In plants, parasitic infections like mistletoe cling to trees, extracting water and nutrients. Unlike decomposers, parasites often reduce diversity rather than increase it. They dominate. They take, but don’t return. An overabundance of parasite, unchecked, can halt the dance of succession.

Still, even parasitism has shaped cultural ideas — mistletoe becoming a symbol of love, irony blooming from parasitic roots.

From Decay to Design: Goldsworthy’s Legacy

The artist Andy Goldsworthy understood the potential of decay as creation. In his work, particularly in Sheepfolds and Rain Shadows, the natural breakdown of materials isn’t something to avoid — it’s the very tool of expression. His leaf patterns disintegrate, his ice spirals melt. But that’s the point: impermanence is the art.

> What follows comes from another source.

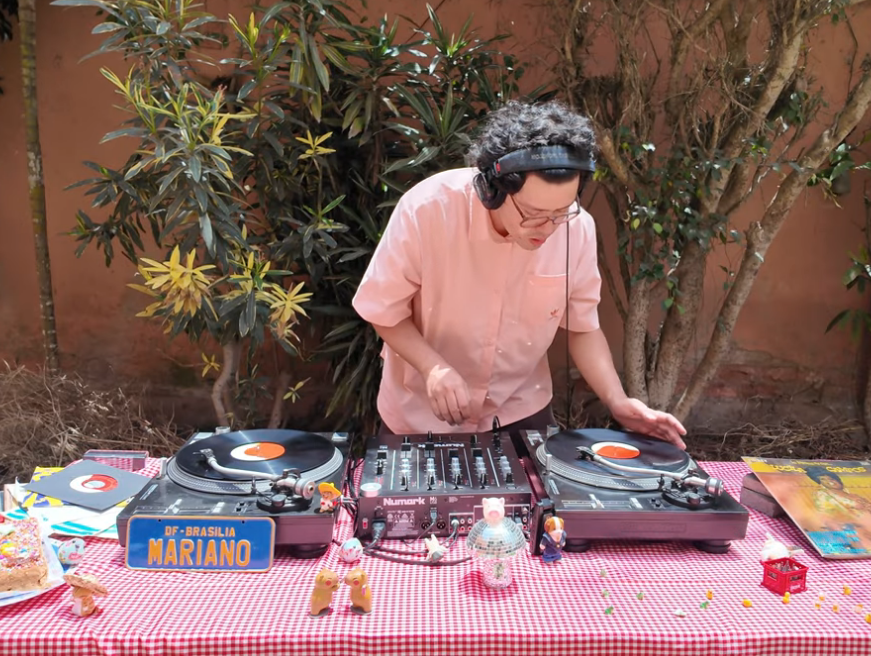 Una persona mezclada en la música usando audífonos, operando un DJ, en una mesa decorada con juguetes y otros objetos, con plantas y árboles en el fondo.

Decay becomes memory, motion, and meaning.

Styling Decay: A Top Tip from Nature

Today’s stylists are picking up where nature left off. One top tip from fashion colourists this autumn: choose a nail colour to match a tone of decay — the ochre of rust, the violet of mould, the pale green of lichen on slate. You might find your next palette not in the shops, but on a gravestone, or in the bruised blush of windfallen fruit.

In this high street of impermanence, maybe we’re all just catching up with the foxes.

Final Thought

Decay is not death. It is redistribution, diversity, and sometimes design. From enzymes to urban wildlife, from fungal feet to funeral stones, it reminds us that endings are just beginnings for those who know how to look.

If you want to understand a place — really understand it — don’t just look at what’s growing. Look at what’s breaking down.